| Dataset section |
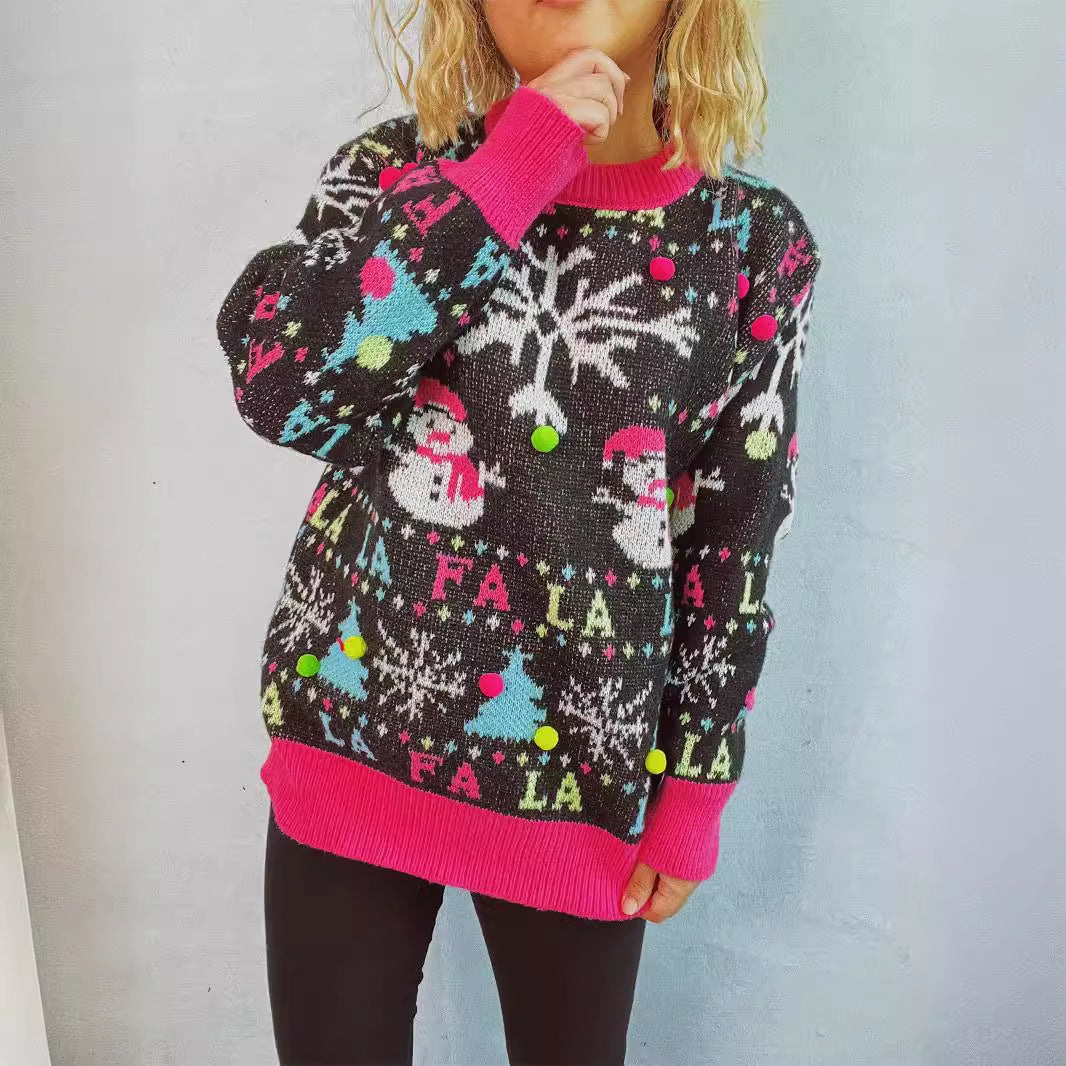 Women festive sweater with colorful 3D appliqués and thematic design Ivyshape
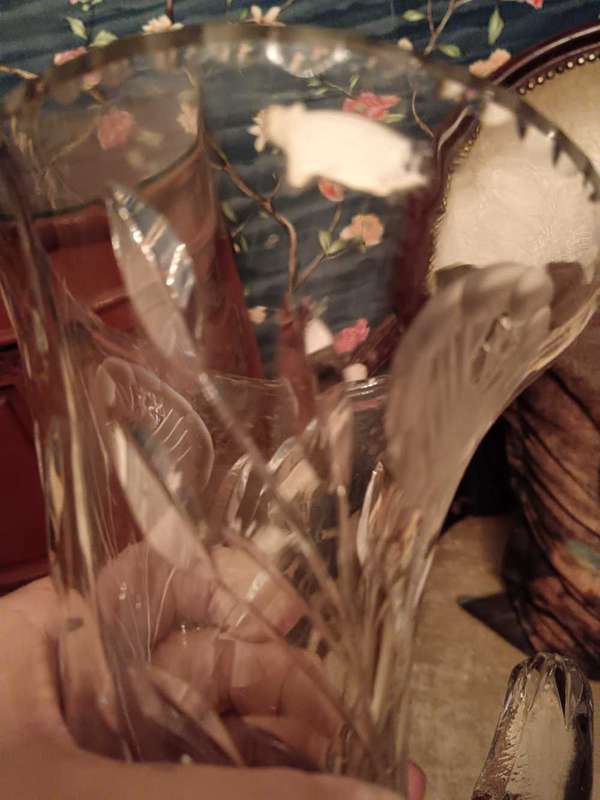 Bohemia Czech Cornucopia Crystal Rose Cut Vase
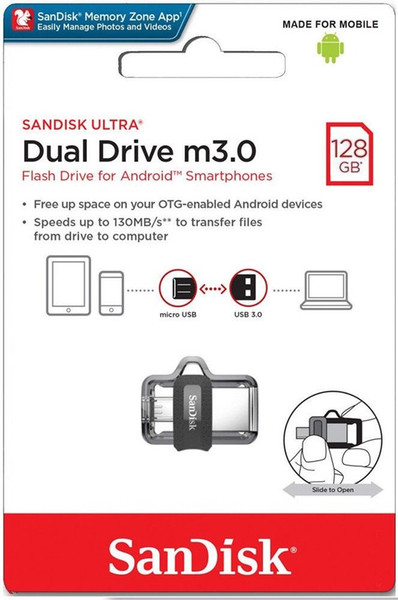 Sandisk 128GB Ultra Dual Drive m3.0 for Android Devices and Computers OTG - microUSB, USB 3.0 - SDDD3-128G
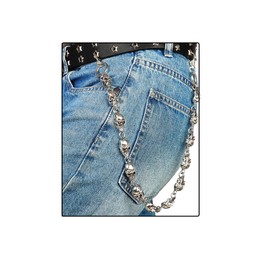 Eigso Silver Skull Jean Chain for Woman Man Unisex Classic Punk Rock Waist Chain Link for Women Men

| Your task |
Print nothing except the lines from the one with "Sandisk 128GB Ultra" through the last line of the listing, exactly as written and with pictures removed.

| Response area |
 Sandisk 128GB Ultra Dual Drive m3.0 for Android Devices and Computers OTG - microUSB, USB 3.0 - SDDD3-128G
 Eigso Silver Skull Jean Chain for Woman Man Unisex Classic Punk Rock Waist Chain Link for Women Men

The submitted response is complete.